September 2014
  • Westliche Anlagenbauer sehen sich seit Jahren mit einer wachsenden Konkurrenz aus Schwellenländern konfrontiert, allem voran aus China.
  • Anders als in der Vergangenheit können Anlagenbauer einen erhöhten Preis nicht mehr mit überlegener Technologie durchsetzen. Sie müssen also produktiver werden.
  • Um dieses Ziel erreichen zu können, ist eine Standardisierung beziehungsweise Modularisierung unumgänglich. Allerdings ist dieser Prozess zunächst mit einem hohen Kosten- und Zeitaufwand verbunden.
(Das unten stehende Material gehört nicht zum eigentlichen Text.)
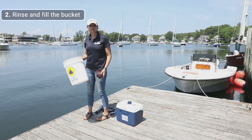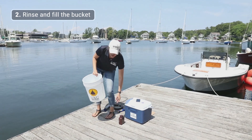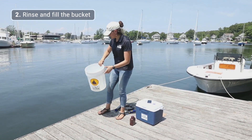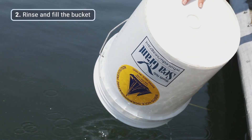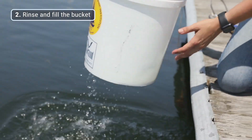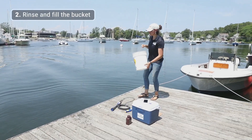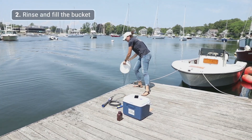The first thing we're going to do is rinse our bucket. We want to make sure we avoid cross-contamination between samples. So we're going to take our bucket and fill it roughly a quarter of the way, mix our water around and swirl to rinse the bucket, then dump that water downstream of where we're collecting our sample.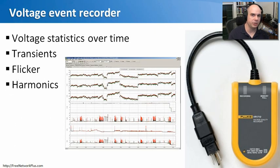One critical piece of your infrastructure is power. A great tool to have is a voltage event recorder. You simply plug it into your power source — the wall or whatever your systems plug into — and it starts gathering statistics about power quality over time. It can show transient voltages, flicker, harmonics, and more. This is especially useful in older buildings or when a new power system has been installed, to confirm that power is working properly.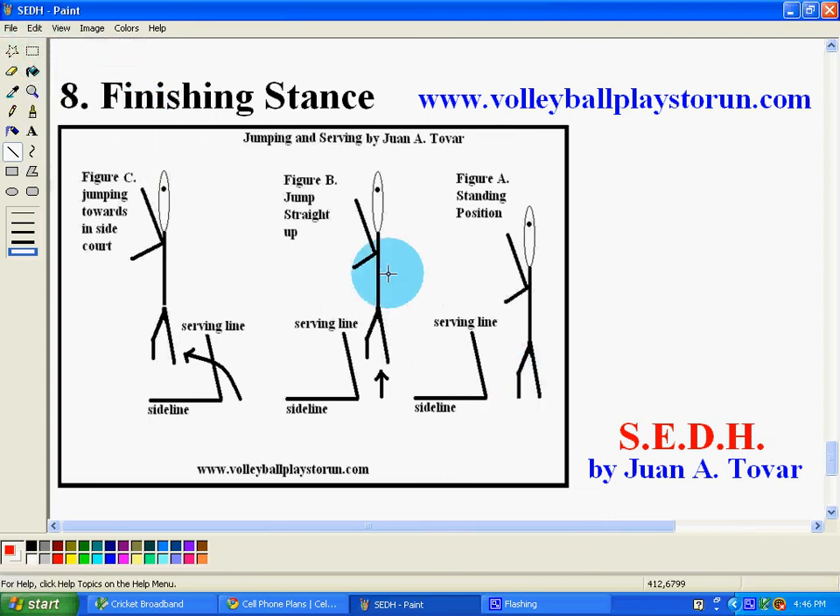The second one is actually the height — jumping straight, not even going into the court. This is so even the younger players can understand. Basically, it's jumping straight up. The reason you would do this type of serve is you want the ball to drop closer in between the court, or as close as you can to the 10-foot line. That's the only reason why you would actually jump up high to exert this type of energy and not get that much of a payback as far as the type of serves.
Oder wie es Jürgen Nowicki, Mitglied der Geschäftsleitung bei Linde Engineering, auf dem 3. Engineering Summit im Mannheimer Rosengarten auf den Punkt brachte: „Wir alle müssen uns täglich die Frage stellen: Wie bringen wir ein wettbewerbsfähiges Angebot zusammen?“ Denn die Konkurrenz schläft nicht und jagt den Deutschen immer mehr Marktanteile ab. Das verdeutlichte Thomas Waldmann, Geschäftsführer der Arbeitsgemeinschaft Großanlagenbau des VDMA, anhand konkreter Zahlen: So konnte der Großanlagenbau sein Ordervolumen, das vor der Weltwirtschaftskrise 2008 zwischen 33 und 35 Mrd. Euro lag, bis zum heutigen Tag nicht zurückgewinnen. „Der Rückgang liegt bei rund 30 Prozent. Und das, obwohl das Gesamtvolumen des Weltmarktes im Vergleich 2006 zu 2013 von 225 auf 315 Mrd. Euro gestiegen ist. Wir verzeichnen hier also ein jährliches Wachstum von rund 5 Prozent.“ Damit ist unschwer zu erkennen, dass der Rückgang des deutschen Ordervolumens keinesfalls der Konjunktur geschuldet ist. Vielmehr gibt es strukturelle Themen auf dem Käufermarkt sowie beim Wettbewerb, mit dem sich die Anlagenbauer beschäftigen müssen. Konnten die etablierten Anlagenbauernationen der Welt vor wenigen Jahren noch einen Marktanteil von 85 Prozent für sich beanspruchen, schrumpfte dieser Wert bis 2013 auf nur noch 64 Prozent. Gewandert sind die hier nun fehlenden Aufträge zu den üblichen Verdächtigen: Südkorea und, vor allem, China.

Die Anlagenwelt im Wandel
Die Antwort auf die Frage, wie es zu diesen Auftragsverlusten kommen konnte, ist eigentlich einfach beantwortet. Bis vor Kurzem galt noch: Wer überlegene Qualität liefert, der darf auch teurer sein. Das hat sich geändert. Wer heute mehr als ein Mitbewerber veranschlagt – und seien es auch nur wenige Prozent – der hat auf dem globalen Markt keine Chance mehr. Als Grund nennt Thomas Wehrheim, CEO bei Doosan Lentjes, dass auf der Entscheidungsebene von Kunden immer weniger Engineering-know-how vorhanden ist und in der Folge einziges Entscheidungskriterium oft der Preis sei und nicht mehr die Technologie: „Die Herausforderung lautet also, preislich zumindest mit einem südkoreanischen Konkurrenten mithalten zu können.“ Chinesische Finanzierungsmodelle seien von Europäern faktisch nicht zu schlagen, da diese teilweise mit Pay-off-Modellen arbeiten würden, bei denen die erste Zahlung nach zwei Jahren erfolgt. Gleichzeitig stellt Wehrheim fest, dass sich auch die Anforderungen vieler Auftraggeber stark geändert haben: Sie suchen nicht mehr nach einer Anlage die 15 Jahre ihren Dienst tut, sondern fordern nur noch Zeitfenster zwischen sechs und sieben Jahren. Danach können Anlagenbauer in Folgegeschäfte in Form von Service-Aufgaben einsteigen. Hier stellt sich die Frage, welches Potenzial darin für die einzelnen Marktteilnehmer liegt. Die einzige Möglichkeit, in einem solchen Umfeld bestehen zu können, ist laut Wehrheim, Prozesse und Produkte zu standardisieren. Wofür in erster Instanz natürlich Investitionen nötig sind. Davon sollten sich Anlagenbauer allerdings nicht schrecken lassen, wollen sie auf einem globalisierten Markt bestehen.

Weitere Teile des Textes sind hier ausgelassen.